The jury was sent on a lunch break and told they would meet again with the judge and lawyers after 1:30 p.m. PDT (4:30 p.m. EDT).

Fidler, citing the facts of the case, ruled earlier in the trial that the jury would only consider the charge of second-degree murder and not any so-called lesser included offenses.

But on Tuesday, Fidler changed course, saying he would consider downgrading the charge because jurors reported a 7-5 impasse following seven days of deliberations. He sent them home overnight and told them to return on Wednesday at 10 a.m. PDT (1 p.m. EDT). Fidler and the lawyers in the case met first.

Spector's defense team vigorously opposed the lesser-charge option to help jurors break their deadlock. Prosecutors argued for it.

When the impasse was reported, Fidler told the lawyers he had found a precedent in a California Supreme Court ruling that might require him to give the jury a lesser option.
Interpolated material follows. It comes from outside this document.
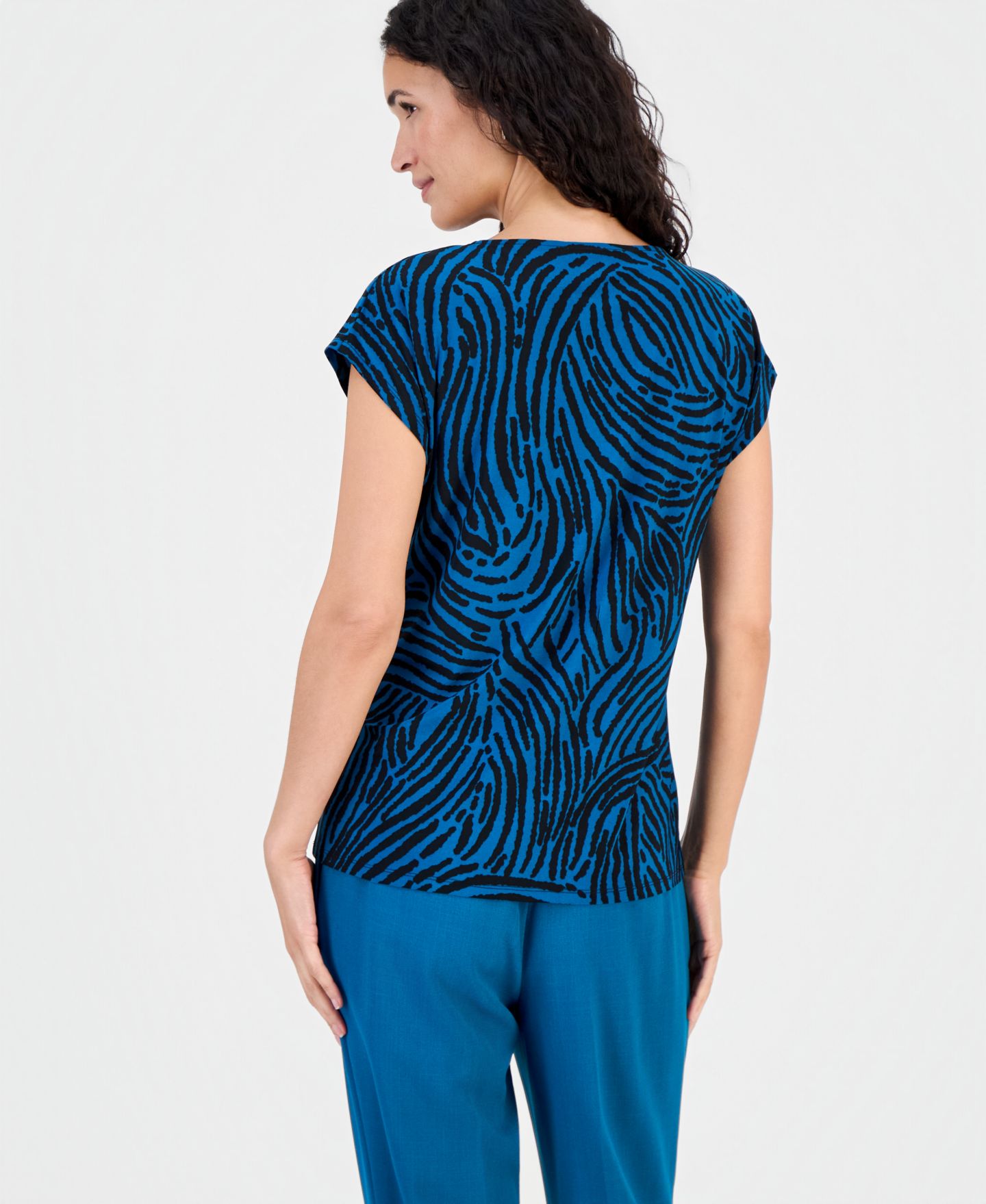 Женская блузка Kasper Printed Diamond-Neck Blouse, цвет: Разноцветный — фото 4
In the end, though, he decided that it was "inappropriate" because it was "basically directing them" that manslaughter was what they should find Spector guilty of.

Spector, 67, a music legend, is charged with murdering actress Lana Clarkson in his Alhambra mansion on Feb. 3, 2003, a few hours after she met him at her job as a nightclub hostess and went home with him.

The defense maintains Clarkson, 40, was depressed and shot herself in the mouth either on purpose or by accident.

The jury foreman, a 32-year-old civil engineer, told the judge on Tuesday that he saw little hope of resolving the impasse and indicated jurors were in disagreement about facts in the case, not about the law.

"I believe it comes down to the individual jurors' conclusions that are drawn from the facts," said the foreman. "At this time I don't believe that anything else will change the positions of the jurors, based on the facts that are in evidence."

He said the panel had taken four votes before reporting the deadlock.

However, three jurors suggested that rereading jury instructions on the question of reasonable doubt might help. One juror asked for an explanation of "the difference between reasonable doubt and doubt."

The judge, clearly troubled by the prospect of a hung jury after five months of trial, told jurors he might give them some new instructions, or even have attorneys reargue part of the case.

A lesser charge could have made the decision vulnerable to an appeal, legal scholars said.

Before interviewing the jury, the judge asked attorneys outside jurors' presence for arguments about how existing jury instructions might be restated to aid the panel in deliberations — which were suspended after the impasse was reported Tuesday.

"We'd all like this case to get resolved," Fidler told the attorneys.